Saving NetNews with Tcl(lib)

Published , updated

Given my various interests I am following several groups like <news:comp.lang.tcl> and <news:comp.risks> on NetNews, a global bulletin board system which was started shortly after the internet itself.

Due to the ephemeral nature of the various boards' contents, with most servers keeping messages for only a week or two, any access to older messages means that I either have go to some website which backs them up, like Google Groups, or save them on my own.

Here I describe how to do the latter, using Tcl and Tcllib.

We will need access to Tcllib's sources even if it is already installed from your favorite distribution's repositories. This is because we will be using the two scripts pullnews and dirstore found under examples/nntp to accomplish our task, and I know of no distribution that installs the Tcllib examples.

Edit: Stuart Cassoff tells me that OpenBSD does install the examples, since 2008.

Next, we need an account, i.e., a user name and a password, with a host serving NetNews via NNTP. If your ISP does not provide one then you have to use one of several specialized providers, like Eternal September.

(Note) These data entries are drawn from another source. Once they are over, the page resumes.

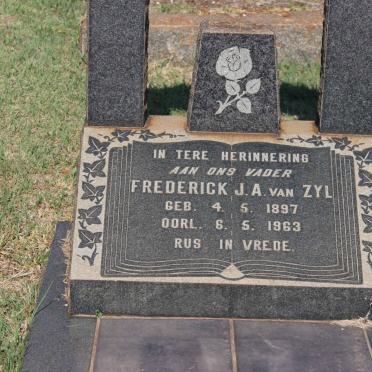 ZYL Frederick J.A., van 1897-1963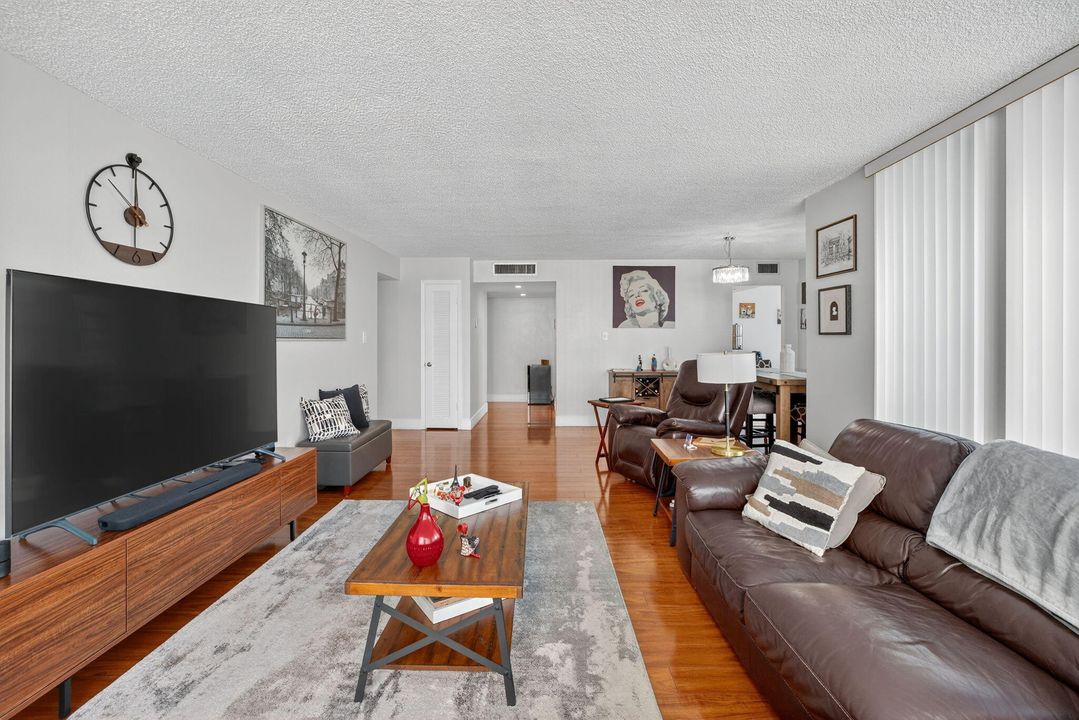 For Sale: $249,000 (2 beds, 2 baths, 1605 Square Feet)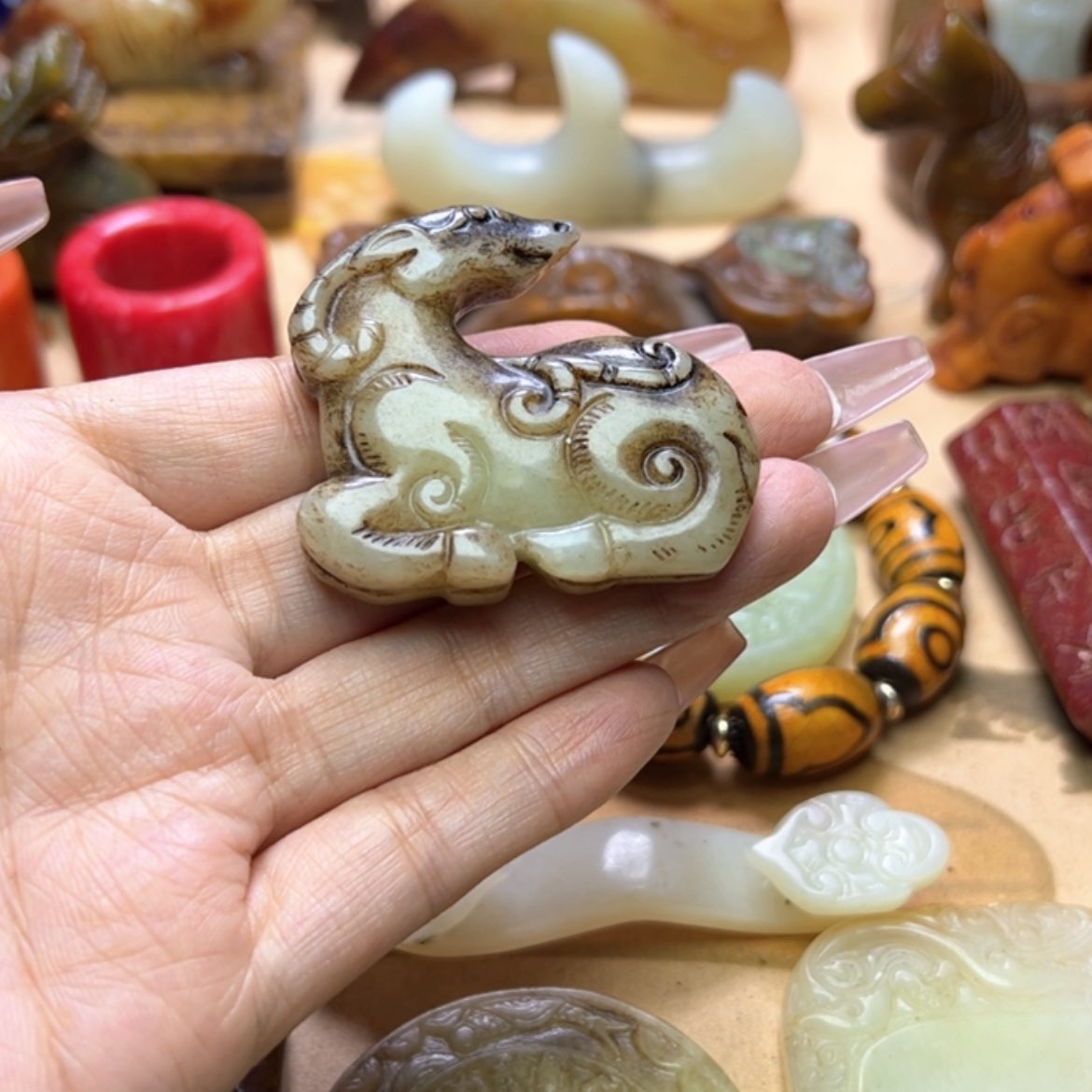 【闪购商品】蛇纹石玉颈饰未镶嵌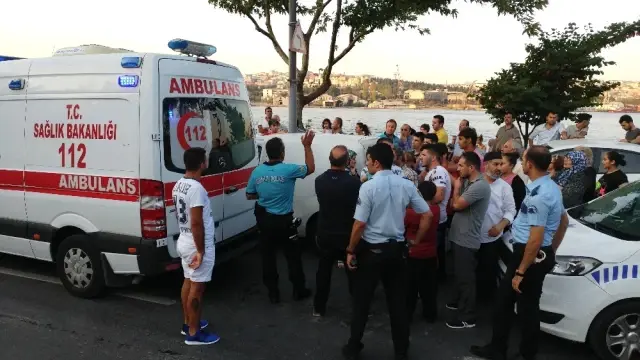 Serinlemek İçin Girdiği Denizde Boğulmaktan Son Anda Kurtuldu
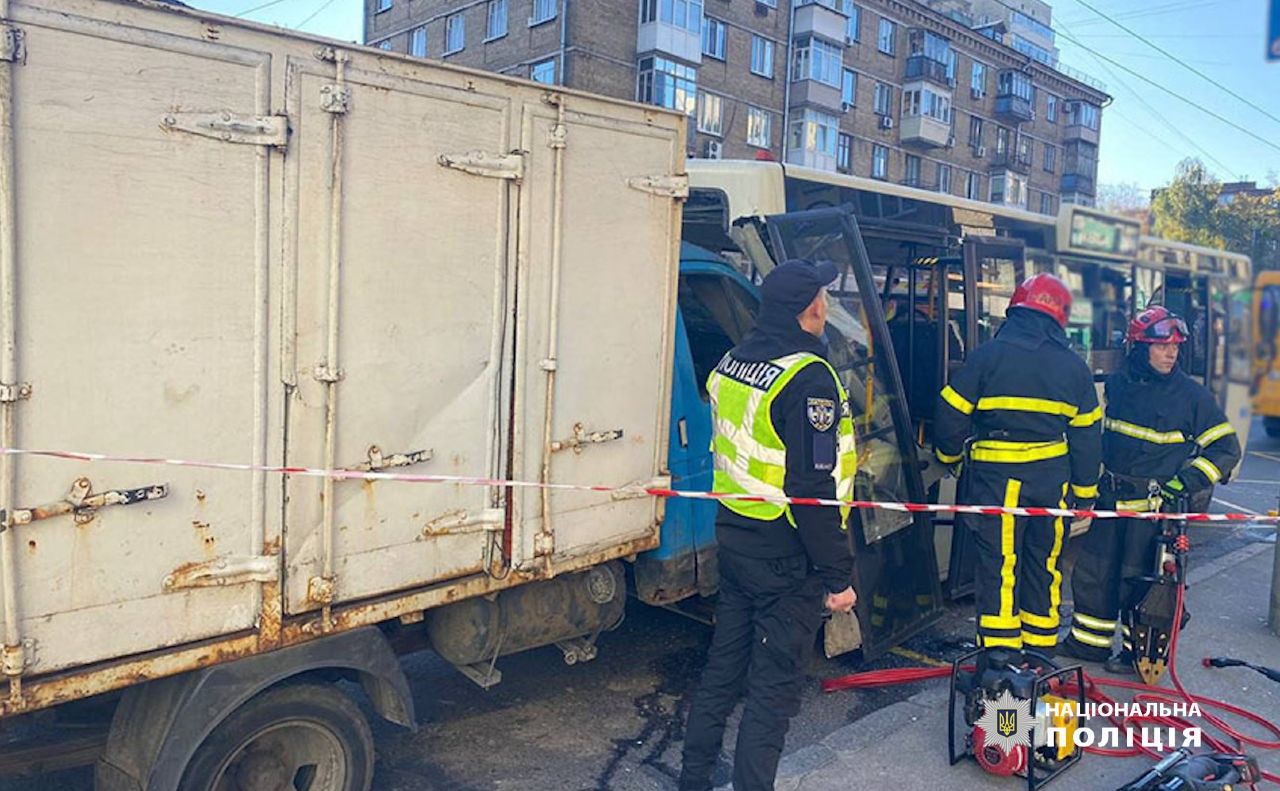  В’їхав у автобус з пасажирами на повній швидкості: у Києві судитимуть водія 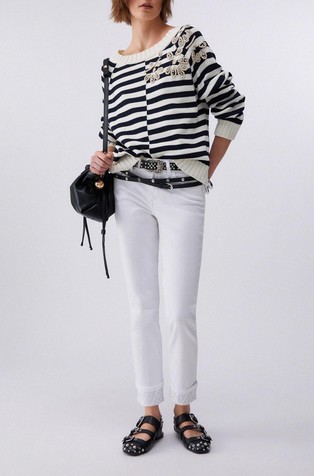 Pleten pulover s črtastim vzorcem in okrasnimi kamenčki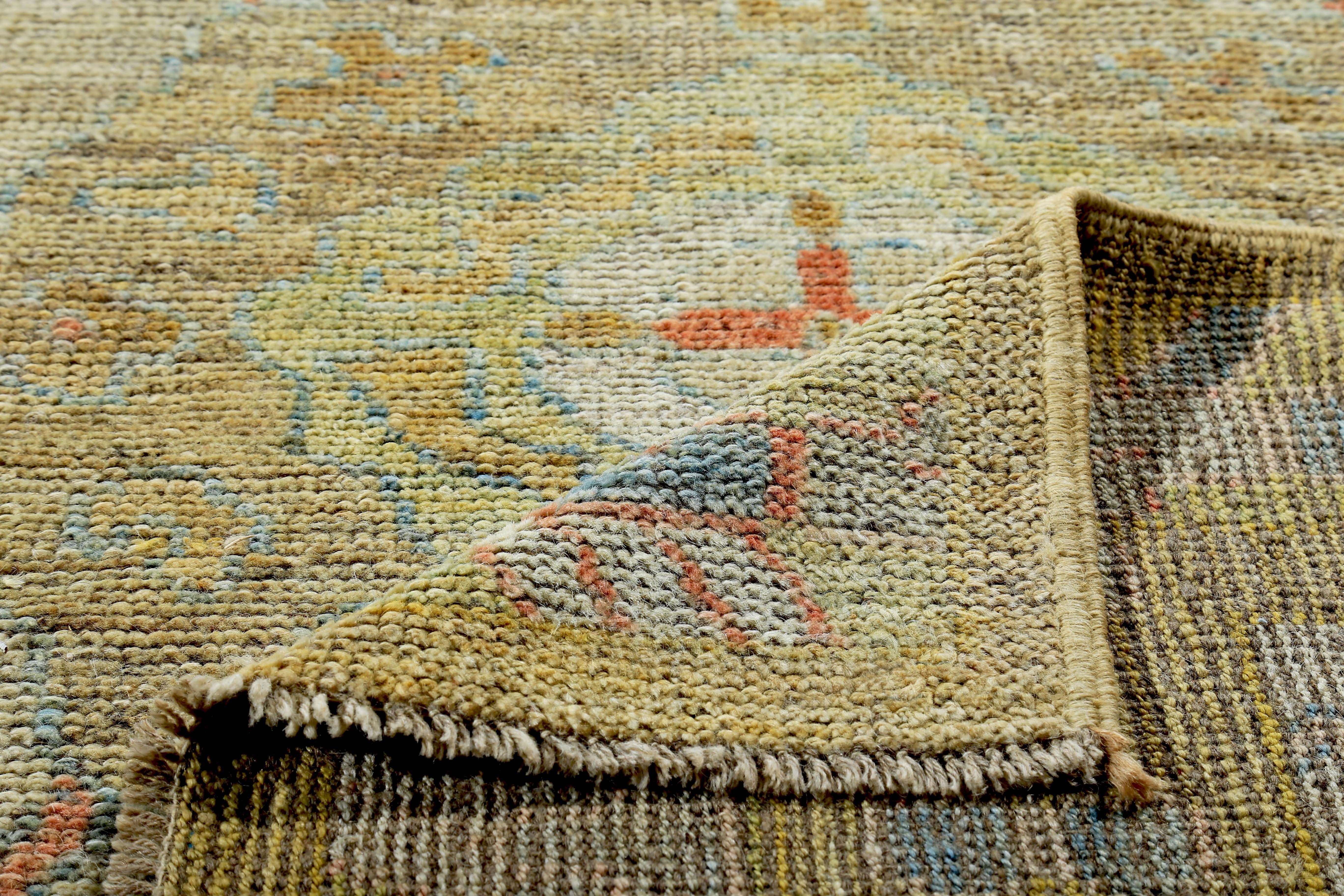 Türkischer Oushak-Läufer mit blauen und orangefarbenen Blumenmuster auf braunem Feld (20. Jahrhundert) im Angebot
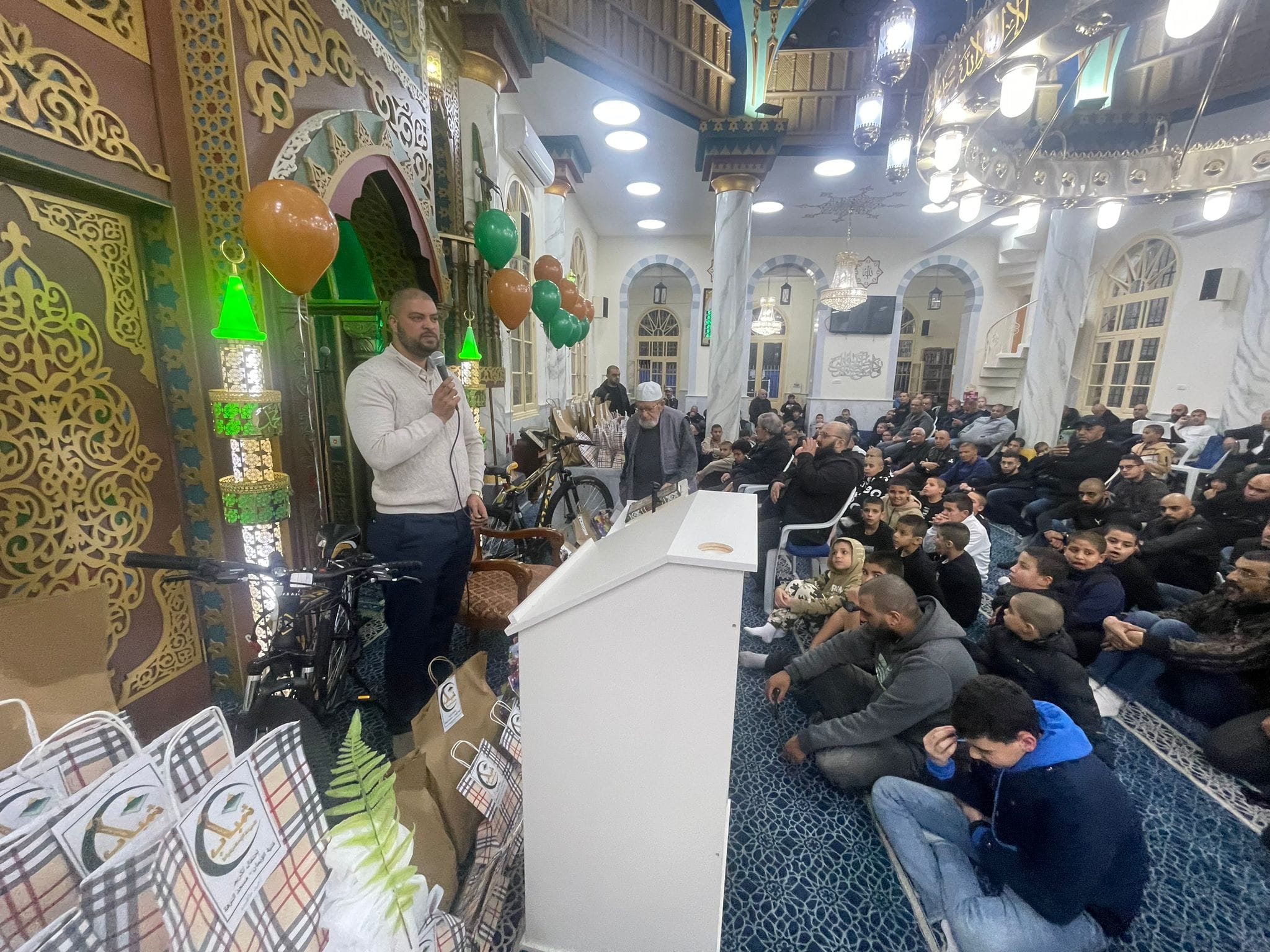 يافا: بالصور إحتفال حاشد لتكريم الفتية المواظبين عصلاة الجماعة في مسجد النزهة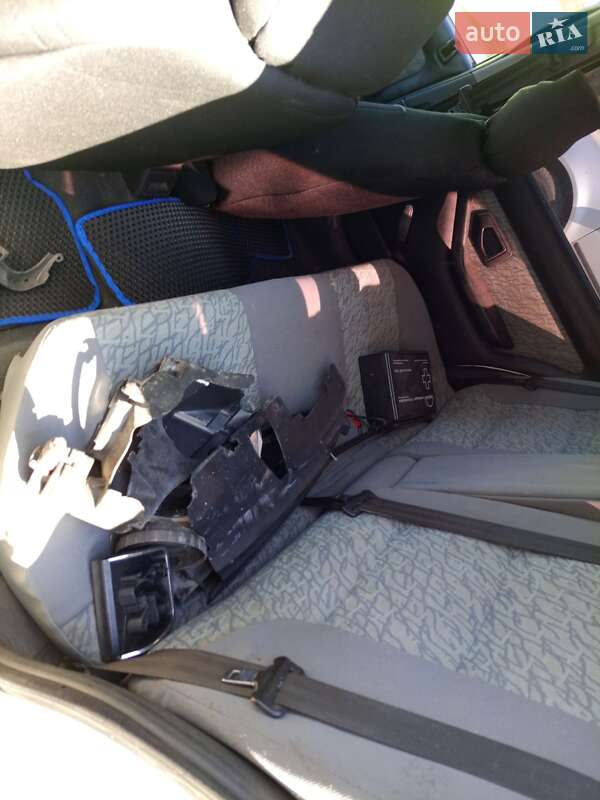 Седан Peugeot 306 1995 в Макарові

With that done below are my script

#!/bin/sh
#--
GROUP=comp.lang.tcl
#--
BASE=$HOME/Projects/Backups/News
ACCOUNT=$BASE/etc/eternal-september.org
SERVER=news.eternal-september.org
SAVETO=$BASE/archive/$GROUP
BINDIR=$BASE/bin

$BINDIR/pullnews -via $ACCOUNT $SERVER $GROUP \
$BINDIR/dirstore $SAVETO

and its account file:

the-user-name
the-user-password
(additional optional lines ignored by pullnews)

Well, not quite. My actual paths are slightly different, I am not telling anybody my account information, and the group name is an argument. Making the equivalent changes is left as an exercise for the reader.

Some explanations and notes are now likely in order:

  • As written both pullnews and dirstore were copied into the chosen structure.

    They could also be copied into a path listed on the PATH or the PATH could be extended to include the directory they reside in. Either way would allow their use in the script without needing an absolute path.

  • My host (Shaw, Eternal September as well) requires an account, and thus the

    -via $ACCOUNT

    in the script. If the actual host is fully open, without the need for any account, then this part of the script has to be removed.

  • I have added an entry to my crontab which runs the script several times a day (actually several times per hour). This ensures that all new(s) articles of the group incrementally accumulate in the backup directory as they arrive.

  • It is, however, a good idea to make an initial manual run of the script to pull in the saved backlog from the host as that may take a long time (depending on how much it keeps). Eternal September, for example, has a backlog spanning several years.

  • Do not forget to create the directory mentioned in SAVETO before the first run. The dirstore script will not create it and will bail out with an error if the directory is missing.

Now we have a functioning backup, although our storage system is quite simple - just a directory.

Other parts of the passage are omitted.